Speaking on the House floor Wednesday, Majority Leader Steve Scalise, R-La., did not indicate any changes to that plan, but said members would be given 24 hours notice “for any more votes at the end of the week or next week.” He said members have 72 hours to read the legislative text of any debt limit agreement before being asked to vote on it.
The main holdup is GOP proposals to cut discretionary appropriations below the fiscal 2023 level by about $131 billion. President Joe Biden’s budget for fiscal 2024, however, proposes a $127 billion increase, according to the Congressional Budget Office.
Democrats over the weekend agreed to roughly meet in the midterms, offering a freeze — though exactly what the accounting will look like is unclear.

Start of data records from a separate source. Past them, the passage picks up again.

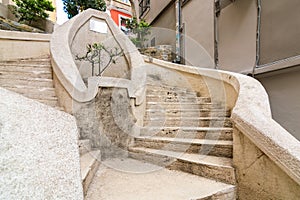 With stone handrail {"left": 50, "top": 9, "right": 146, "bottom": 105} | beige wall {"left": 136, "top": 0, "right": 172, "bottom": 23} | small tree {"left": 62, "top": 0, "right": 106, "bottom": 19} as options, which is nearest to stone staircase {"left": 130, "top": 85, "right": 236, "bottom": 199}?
stone handrail {"left": 50, "top": 9, "right": 146, "bottom": 105}

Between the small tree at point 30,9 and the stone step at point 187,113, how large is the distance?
24.2 ft

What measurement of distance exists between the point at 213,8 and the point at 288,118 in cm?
375

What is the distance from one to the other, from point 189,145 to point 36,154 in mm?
1936

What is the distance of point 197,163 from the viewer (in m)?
2.35

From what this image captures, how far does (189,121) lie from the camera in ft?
11.2

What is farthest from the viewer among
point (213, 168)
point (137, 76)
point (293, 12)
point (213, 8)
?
point (213, 8)

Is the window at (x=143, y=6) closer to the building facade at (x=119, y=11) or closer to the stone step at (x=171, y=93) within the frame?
the building facade at (x=119, y=11)

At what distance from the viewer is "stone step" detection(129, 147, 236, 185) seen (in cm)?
215

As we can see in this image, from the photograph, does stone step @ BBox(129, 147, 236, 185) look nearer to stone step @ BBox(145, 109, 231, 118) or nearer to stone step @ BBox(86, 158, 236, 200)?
stone step @ BBox(86, 158, 236, 200)

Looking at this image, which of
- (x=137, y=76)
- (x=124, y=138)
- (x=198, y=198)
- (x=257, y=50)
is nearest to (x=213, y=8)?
(x=257, y=50)

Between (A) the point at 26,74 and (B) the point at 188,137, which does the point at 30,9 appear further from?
(B) the point at 188,137

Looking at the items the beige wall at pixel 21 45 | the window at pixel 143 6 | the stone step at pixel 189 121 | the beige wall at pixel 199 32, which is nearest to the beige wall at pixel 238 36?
the beige wall at pixel 199 32

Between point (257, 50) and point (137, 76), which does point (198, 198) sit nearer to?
point (137, 76)

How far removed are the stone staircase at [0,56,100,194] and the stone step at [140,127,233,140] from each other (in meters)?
0.89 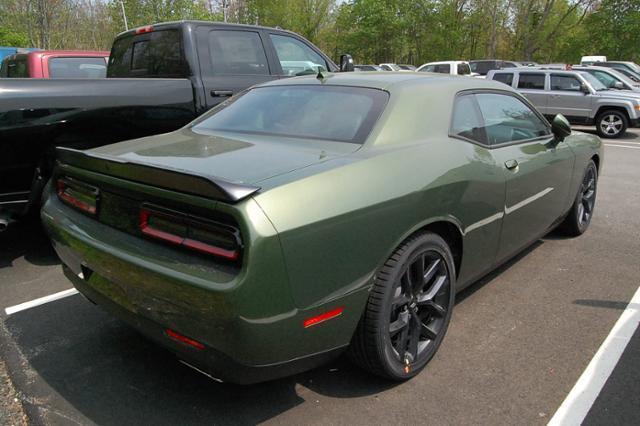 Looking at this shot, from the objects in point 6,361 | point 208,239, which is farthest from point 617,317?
point 6,361

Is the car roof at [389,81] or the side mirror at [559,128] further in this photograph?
the side mirror at [559,128]

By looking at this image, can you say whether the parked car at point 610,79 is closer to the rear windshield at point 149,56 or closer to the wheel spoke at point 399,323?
the rear windshield at point 149,56

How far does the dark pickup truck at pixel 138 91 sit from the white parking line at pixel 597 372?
378 centimetres

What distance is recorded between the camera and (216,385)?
8.66 ft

Other sources said that includes moving additional health care benefits for veterans exposed to the poison into mandatory funding, removing it from discretionary caps and making the White House figure that smaller than the real thing. Last year’s new veterans benefit law allowed a certain amount to be transferred each year, but the two parties differed on how much.
Rep. Don Bacon, R-Neb., said he thinks negotiators will end up somewhere between fiscal 2022 and 2023 levels. One possibility he has heard floated is to take spending into fiscal 2022 and adjust for inflation thereafter. Using the Federal Reserve’s preferred inflation gauge, that could result in a nearly $20 billion cut, according to calculations by Don Schneider, deputy head of US policy at Piper Sandler.